Los nombres de los sitios guardan una relación con su historia, valga decir los nombres tradicionales, y reflejan las huellas de las sociedades que a lo largo del tiempo los han ocupado. Estas denominaciones no suelen ser inmotivadas, sino producto de una larga relación con el entorno de quienes han nombrado los sitios de una manera u otra. De allí deriva el interés del estudio de la toponimia.
No puedo precisar cómo surgió mi fascinación por los nombres de los lugares y, luego, por los estudios toponímicos.

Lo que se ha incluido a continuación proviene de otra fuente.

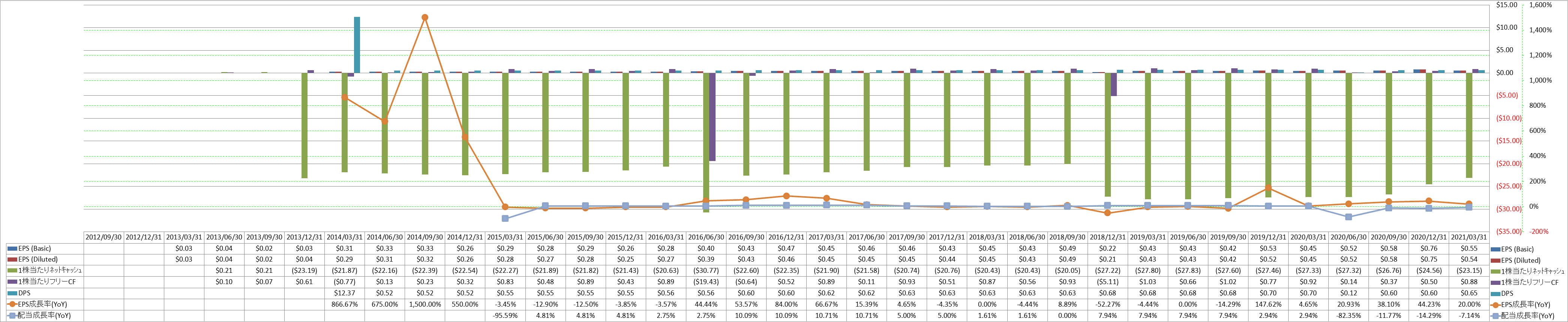 per-share-data-2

Quizá fue por mi padre Horacio Biord Rodríguez, que junto a mis tíos Raulito, Moisés y Rogelio, y viejos amigos de San Antonio de Los Altos, entre ellos los hermanos Eleazar (el Viejo) y Tarsicio (Chiruli) Hernández Rodríguez, solían hablar habitualmente sobre los nombres de sitios de San Antonio y San Diego de los Altos, de toda la región de Los Altos, hoy nominada sobre todo en los medios de comunicación “Los Altos mirandinos”. Antes se conocieron como Los Altos o Los Altos de Caracas.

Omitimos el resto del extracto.